Rest

A day that began like this:

After something like nearly a year, I felt like I was coming down with something. I’ve nursed a very, very slowly worsening itchy throat for two days now. But the progression has been so mild, at no point was I really sure if it was just an allergy or something worse. Yesterday though I began to feel my body alternating between needing a jacket or wanting to stay in a blanket, and desperately needing the fan on top speed and throwing the blanket off.

Is it PMS-induced something, I wondered? Was it that chled beer too many from Monday? Or that totally unnecessary drag off VCs cigarette that I immediately regretted from the depths of my throat (barf!)? Or that shady tall glass of water with more ice cubes than I would have liked? I’m a bit suspicious of contaminated ice and the moment I drank that glass of water I had a tiny red flag go up in my head.

Anyhow that was just the morning. I skipped working out and allowed myself to stay in, getting out only much later. I did however cook us a pot of peppery rasam that really helped, and I took the longest nap I’ve taken in a while, which certainly helped. Because I’ve woken up feeling almost 80% better.

I’ve had the sniffles a few times this past year, but each time I’ve managed to stay off the antibiotics by fighting it off with antihistamines and septilin alone. This time I haven’t even popped an antihistamine yet and I desperately hope I don’t need to take antibiotics so this needs to just peter down and go away soonly.

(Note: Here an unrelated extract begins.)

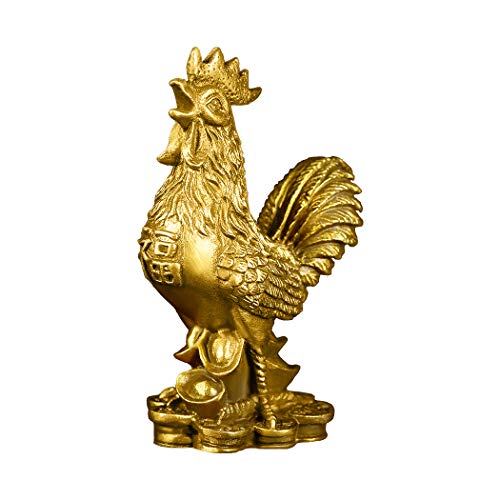 BRASSTAR Brass 3.5''(H) Auspicious Rooster Statue Ingots Wealth Feng Shui Sculpture Home Office Chinese Zodiac Decorative Ornament Business Gift Collection PTZY045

So if that means I need to just sleep it off, I’m okay with it. If it means my body’s asking for hot tea three times a day, with sugar in it, I did that too. If the will to exercise is missing, I complied.

There is joy in this very new ease in listening and to what my body is asking for, and going with it, rather than fighting it to keep to some sense of routine and “rightness” I have going in my head.

On the upside, a day mostly in bed has meant I finished a whole book I just started. Yay.